Standardized systems are agreed upon by some authority, usually a governmental body.
SI (Systéme International) was agreed to in 1960 by an international committee.
SI is the main system used.

Length

Units:
- SI: meter (m)
Defined in terms of a meter – the distance traveled by light in a vacuum during a given time.

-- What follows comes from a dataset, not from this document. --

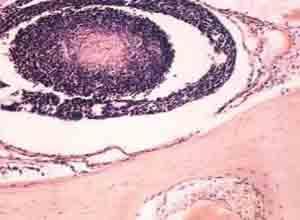 长骨造釉细胞瘤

Approximate Values of Some Measured Lengths

Distance from the Earth to the most remote known quasar: $1.4 X 10^{26}$ m
Distance from the Earth to the most remote normal galaxies: $9 × 10^{25}$ m
Distance from the Earth to the nearest large galaxy (M 31, the Andromeda galaxy): $2 X 10^{22}$ m
Distance from the Sun to the nearest star (Proxima Centauri): $4 X 10^{16}$ m
One lightyear: $9.46 × 10^{15}$ m
Mean orbit radius of the Earth about the Sun: $1.50 × 10^{11}$ m
Mean distance from the Earth to the Moon: $3.84 X 10^8$ m
Distance from the equator to the North Pole: $1.00 × 10^7$ m
Mean radius of the Earth: $6.37 x 10^6$ m
Typical altitude (above the surface) of a satellite orbiting the Earth: $2 × 10^5$ m
Length of a football field: $9.1 × 10^1$ m
Length of a housefly: $5 × 10^{-3}$ m
Size of smallest dust particles: $~10^{-4}$ m
Size of cells of most living organisms: $~10^{-5}$ m
Diameter of a hydrogen atom: $~10^{-10}$ m
Diameter of an atomic nucleus: $~10^{-14}$ m
Diameter of a proton: $~10^{-15}$ m

Mass

Units:
- SI: kilogram (kg)
Defined in terms of a kilogram, based on a specific cylinder kept at the International Bureau of Standards.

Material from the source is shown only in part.